Una de mis tareas era encargarme del boletín mensual del departamento. Creí que eso implicaba que debía armarlo con insumos que recibiera de otros, pero terminé preparándolo yo sola. Me moría de nervios por equivocarme en algún dato o escribir mal alguna palabra y pensar que eso lo leería mucha gente. Pronto me convencí de que nadie leía el boletín, y traté de hacerlo más atractivo con contenido adicional fuera de los eventos del mes (que no eran muchos). Mi retroalimentación al respecto fue sobre una caricatura, dos estudiantes escribieron diciendo que contribuía a estereotipos sobre cierto trastorno mental. Me disculpé por la falta de criterio, y el error me desanimó a seguir el boletín. Pero seguí, y se me ocurrió escribir sobre una lista de psicólogos eminentes contemporáneos, publicada en un journal años atrás. Cada mes, escribía sobre una de las mujeres en esa lista (que eran muy pocas, ese era el underlying commentary).

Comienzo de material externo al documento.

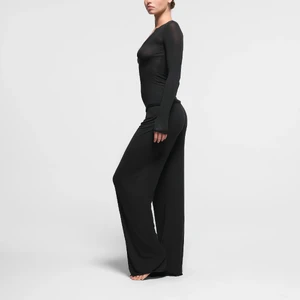 LS-LST-6145W-ONX-UC-SKIMS-LOUNGEWEAR_0017-SD.jpg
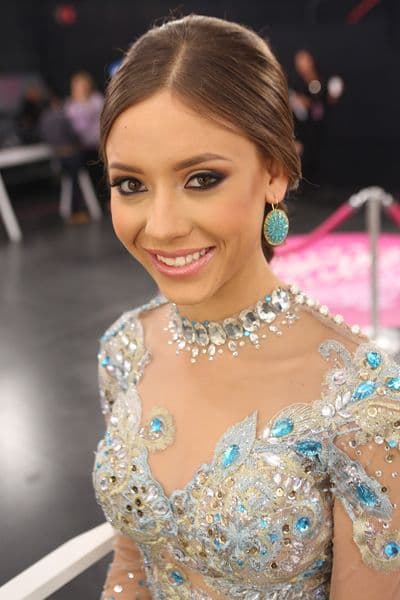 La mexicana Mariana Torres es conocida como la ''chica besucona'' de Nuestra Belleza Latina. Ella logró conquistar el corazón del hermano de Alejandra Espinoza. Trata de llevarse bien con todas y no causar problemas en la Mansión.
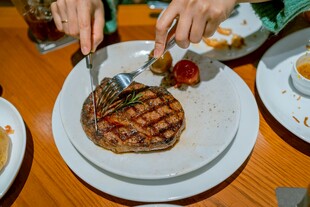 美味牛排正被优雅切割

Todo mejoró en la Sociedad cuando la presidenta inexistente abandonó el rol y el vicepresidente tomó su lugar. El comité comenzó a moverse más. Resultamos ser un equipo maravilloso, brilliant, cada quien hacía su parte y la hacía bien. Yo, además, agradecía que mi tarea fundamental era mantener la comunicación dentro del comité sin tener que dirigirle la palabra a nadie fuera de él. Nuestras reuniones fortnightly(!) pasaron a agendarse a las 10 de la mañana en un café a una cuadra abajo del departamento, donde venden el café a una libra antes de las 10 de la mañana. No hace falta decir que este comité resultó ser bastante puntual, llegando incluso antes de la hora de la reunión. En ese café, además, tengo un crush de esos que duelen, con un barista, pero no tengo nada que ofrecerle más que las gracias cuando me entrega mi taza.

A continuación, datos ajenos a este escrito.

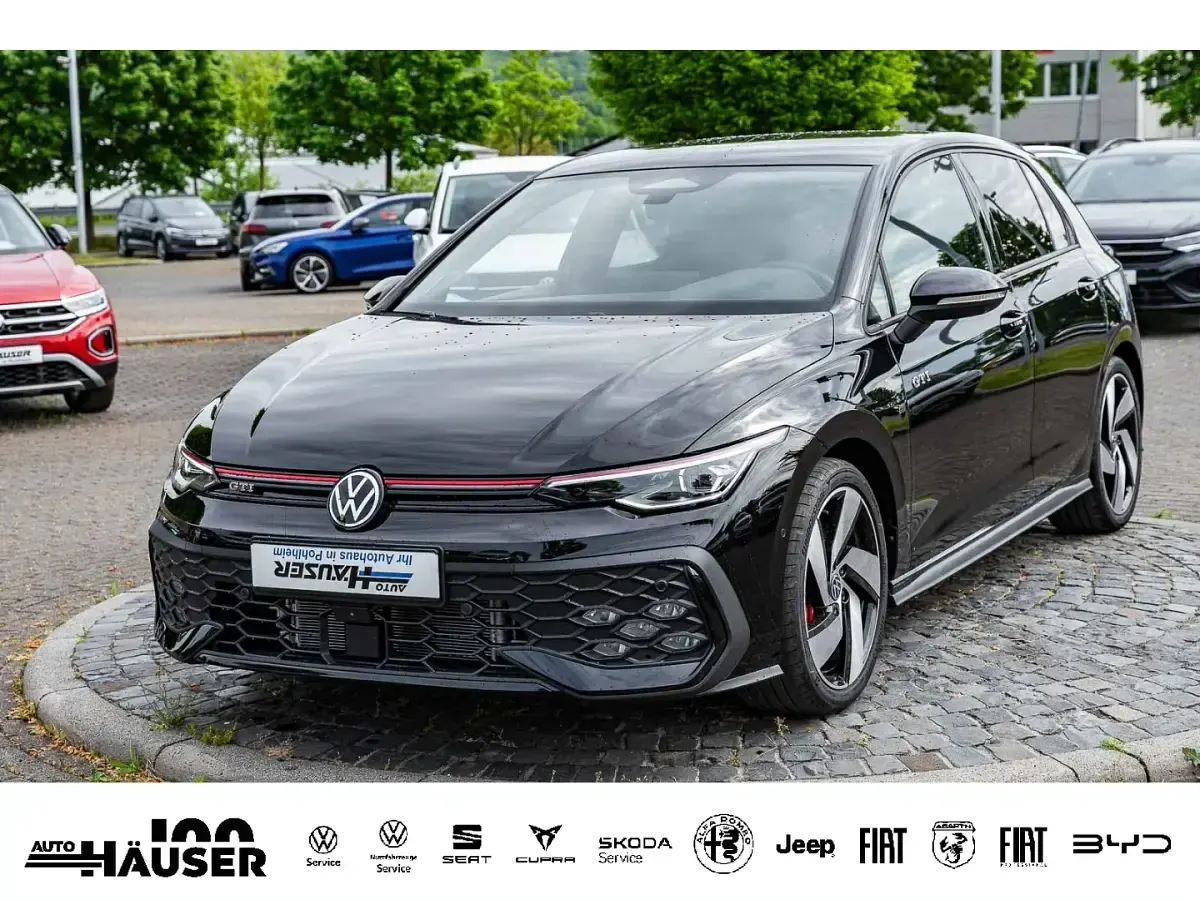 Gebraucht VW Golf VIII GTI 265 PS (194 kW) 2026 Limousine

No importa que ser parte del comité enchule mi CV (de hecho, no creo que resulte relevante). Tampoco creo que ello me dio nuevas habilidades, porque yo ya era bastante competente y organizada. Lo importante es que logré mi objetivo de salir de mi zona de confort social. Empezando por entablar lazos de trabajo y amistad con los colegas del comité, británicos y extranjeros, pasando por dirigirme a esas audiencias invisibles que eran las mailing lists del departamento, hasta llegar a los eventos sociales y académicos que organizamos.
Los últimos meses fueron los mejores. Ventas de pastelería para recaudar fondos, caminatas en el Peak District, seminarios de investigación seguido de una recepción, eventos para concientizar sobre algún fenómeno. Y de repente se acercaba el término de este comité; algunos miembros se graduaron y se fueron antes de tiempo. En un último gesto sentimental, hice un year-in-review para el último boletín, en el que el comité se despedía y agradecía a estudiantes y staff. El día después de enviar el boletín, encontré un correo de respuesta: un profesor que admiro (sobre quien ya conté la historia de cómo fracasé estrepitosamente en una clase suya) dijo que estaba impresionado por todo lo que este comité había hecho, y que disfrutó la serie de psicólogas eminentes, eran un gran recurso. Quise responderle: ¡Yo escribí esa serie, a mí se me ocurrió, no soy tan bruta como parecía en su clase, honest! Pero no iba a perder el decoro y solo le agradecí sus palabras, agregando que ojalá el próximo comité continuara con ese trabajo.
Semejante reconocimiento me hizo reconsiderar postularme para seguir un año más como secretaria. Pero tuve que aceptar que llegó la hora de aprender una última lección en este comité: soltar. Irse. Continuar con la vida. Tengo otras tareas que demandan mi atención, y solo queda pasar la batuta y la confianza al nuevo comité. Preparé mi material para el traspaso, y mi consejo número uno fue que celebraran sus reuniones en el café de la esquina antes de las 10 de la mañana.